As a demonstration of the effect that missing data has on the power, we performed analyses at a single SNP using simulated data (10,000 replicates, each replicate consisting of 100 case/parent trios and 100 control/parent trios) and assuming a range of probabilities of missing genotype data. We assumed a maternal genotype effect (S1=1.5, S2=2.25). The expected proportion of pedigree units of different types remaining in the analysis are shown in Figure 3A and Figure 3B respectively. The trios are all present when there is no missing data, but the expected proportion quickly decreases when the probability of missing genotype data is increased. The expected proportion of the other pedigree types then increases, but subsequently decreases and converges to 0 as the probability of missing data approaches 1. The power to detect the maternal genetic effects (when correctly modelled) also decreases with increasing proportion of missing data (Figure 3C).

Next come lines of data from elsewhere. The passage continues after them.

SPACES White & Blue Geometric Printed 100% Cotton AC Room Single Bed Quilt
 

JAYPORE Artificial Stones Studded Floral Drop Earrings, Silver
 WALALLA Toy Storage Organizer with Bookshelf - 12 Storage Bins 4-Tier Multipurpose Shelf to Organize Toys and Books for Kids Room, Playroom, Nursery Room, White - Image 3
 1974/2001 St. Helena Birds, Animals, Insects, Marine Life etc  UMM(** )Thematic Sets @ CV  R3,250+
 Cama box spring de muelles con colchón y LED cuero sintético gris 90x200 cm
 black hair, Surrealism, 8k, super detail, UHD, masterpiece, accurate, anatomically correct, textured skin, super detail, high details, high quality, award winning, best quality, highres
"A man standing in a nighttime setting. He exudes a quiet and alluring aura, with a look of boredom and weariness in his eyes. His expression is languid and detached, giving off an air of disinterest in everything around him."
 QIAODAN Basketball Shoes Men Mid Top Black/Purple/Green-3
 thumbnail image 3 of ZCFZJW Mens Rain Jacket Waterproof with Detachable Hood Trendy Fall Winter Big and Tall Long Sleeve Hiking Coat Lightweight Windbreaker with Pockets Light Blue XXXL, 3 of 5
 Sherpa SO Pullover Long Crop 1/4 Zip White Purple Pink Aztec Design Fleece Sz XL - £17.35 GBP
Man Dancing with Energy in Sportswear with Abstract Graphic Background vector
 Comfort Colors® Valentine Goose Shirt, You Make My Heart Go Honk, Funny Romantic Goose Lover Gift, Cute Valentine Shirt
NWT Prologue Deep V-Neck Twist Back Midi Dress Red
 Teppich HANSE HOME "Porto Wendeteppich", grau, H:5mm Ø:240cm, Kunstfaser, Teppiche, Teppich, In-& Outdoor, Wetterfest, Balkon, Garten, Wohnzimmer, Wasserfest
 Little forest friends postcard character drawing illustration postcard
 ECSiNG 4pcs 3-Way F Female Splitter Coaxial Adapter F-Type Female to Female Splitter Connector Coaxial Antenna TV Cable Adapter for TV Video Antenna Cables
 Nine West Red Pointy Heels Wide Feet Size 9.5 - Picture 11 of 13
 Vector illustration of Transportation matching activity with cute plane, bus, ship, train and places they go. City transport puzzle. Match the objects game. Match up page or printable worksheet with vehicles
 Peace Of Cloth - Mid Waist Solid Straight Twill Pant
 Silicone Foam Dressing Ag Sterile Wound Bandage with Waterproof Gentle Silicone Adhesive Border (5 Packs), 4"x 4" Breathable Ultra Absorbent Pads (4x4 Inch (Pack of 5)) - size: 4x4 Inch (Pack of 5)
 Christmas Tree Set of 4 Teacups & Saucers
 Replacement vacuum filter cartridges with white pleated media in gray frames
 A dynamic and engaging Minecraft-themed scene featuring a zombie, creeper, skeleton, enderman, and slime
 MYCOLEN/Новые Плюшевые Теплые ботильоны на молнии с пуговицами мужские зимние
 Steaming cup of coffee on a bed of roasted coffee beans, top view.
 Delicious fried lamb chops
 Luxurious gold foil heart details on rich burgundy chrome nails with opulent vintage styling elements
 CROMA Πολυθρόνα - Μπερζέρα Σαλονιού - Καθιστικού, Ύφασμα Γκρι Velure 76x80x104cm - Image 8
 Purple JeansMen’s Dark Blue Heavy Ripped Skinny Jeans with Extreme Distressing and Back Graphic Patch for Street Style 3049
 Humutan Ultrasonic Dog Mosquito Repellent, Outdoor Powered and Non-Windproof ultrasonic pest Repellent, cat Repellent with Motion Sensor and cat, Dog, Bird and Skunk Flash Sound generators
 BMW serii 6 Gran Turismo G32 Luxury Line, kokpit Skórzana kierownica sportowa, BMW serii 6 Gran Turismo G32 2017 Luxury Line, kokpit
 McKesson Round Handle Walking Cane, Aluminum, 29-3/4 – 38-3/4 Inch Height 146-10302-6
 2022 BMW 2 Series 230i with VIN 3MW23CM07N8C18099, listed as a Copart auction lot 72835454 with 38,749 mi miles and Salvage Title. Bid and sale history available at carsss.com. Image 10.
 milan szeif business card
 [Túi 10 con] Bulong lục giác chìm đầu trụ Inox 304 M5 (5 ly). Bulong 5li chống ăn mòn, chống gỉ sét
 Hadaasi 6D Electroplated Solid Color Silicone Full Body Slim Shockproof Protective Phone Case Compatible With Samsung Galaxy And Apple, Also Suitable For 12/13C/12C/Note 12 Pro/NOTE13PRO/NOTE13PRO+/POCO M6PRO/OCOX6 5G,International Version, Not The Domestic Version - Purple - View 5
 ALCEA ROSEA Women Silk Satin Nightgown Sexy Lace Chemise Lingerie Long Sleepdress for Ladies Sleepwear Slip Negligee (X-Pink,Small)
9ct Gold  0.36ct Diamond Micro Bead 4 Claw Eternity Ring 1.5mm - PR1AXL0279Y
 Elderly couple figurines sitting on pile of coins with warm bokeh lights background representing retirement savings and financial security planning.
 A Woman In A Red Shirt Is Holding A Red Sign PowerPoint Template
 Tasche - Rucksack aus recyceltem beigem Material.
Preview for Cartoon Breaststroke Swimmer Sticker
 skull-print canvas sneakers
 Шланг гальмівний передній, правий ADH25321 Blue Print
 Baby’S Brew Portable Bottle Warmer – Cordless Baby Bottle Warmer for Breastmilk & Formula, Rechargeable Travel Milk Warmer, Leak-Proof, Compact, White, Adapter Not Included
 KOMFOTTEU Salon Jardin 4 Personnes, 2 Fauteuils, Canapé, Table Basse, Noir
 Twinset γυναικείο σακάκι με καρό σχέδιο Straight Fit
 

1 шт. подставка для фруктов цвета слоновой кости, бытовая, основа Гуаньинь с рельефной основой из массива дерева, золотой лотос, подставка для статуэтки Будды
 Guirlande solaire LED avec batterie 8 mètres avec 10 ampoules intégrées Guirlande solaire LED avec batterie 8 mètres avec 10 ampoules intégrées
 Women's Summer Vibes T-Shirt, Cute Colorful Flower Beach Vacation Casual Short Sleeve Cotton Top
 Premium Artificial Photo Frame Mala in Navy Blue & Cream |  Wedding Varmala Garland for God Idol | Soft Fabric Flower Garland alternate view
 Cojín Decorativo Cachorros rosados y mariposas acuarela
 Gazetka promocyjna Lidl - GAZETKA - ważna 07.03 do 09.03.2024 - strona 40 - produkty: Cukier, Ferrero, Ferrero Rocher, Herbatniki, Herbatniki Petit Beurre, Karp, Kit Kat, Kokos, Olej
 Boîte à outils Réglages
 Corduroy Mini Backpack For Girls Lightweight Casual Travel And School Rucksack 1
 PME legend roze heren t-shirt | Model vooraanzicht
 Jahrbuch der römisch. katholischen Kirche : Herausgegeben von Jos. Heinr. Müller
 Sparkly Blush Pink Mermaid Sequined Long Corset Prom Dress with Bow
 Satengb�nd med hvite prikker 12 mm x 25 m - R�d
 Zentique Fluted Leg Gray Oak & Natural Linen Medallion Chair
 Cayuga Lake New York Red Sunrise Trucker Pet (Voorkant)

An advantage of the EMIM framework is that it makes efficient use of data from all possible available individuals, allowing one to recover information even from incompletely genotyped trios.

Figure 3
figure 3

Effect of Missing Genotype Data. Plots showing the effect as the probability of missing genotype data is increased for data simulated with a maternal genetic effect. A: The expected proportions of different types of pedigree unit output by PREMIM from a set of case/parent trios, for different probabilities of missing genotypes. B: The expected proportions of different types of pedigree unit output by PREMIM from a set of control trios, for different probabilities of missing genotypes. C: Power of EMIM to detect maternal genetic effects (by estimating parameters S1and S2). D: Power of EMIM to detect maternal genetic effects masquerading as child genetic effects (by estimating parameters R1and R2).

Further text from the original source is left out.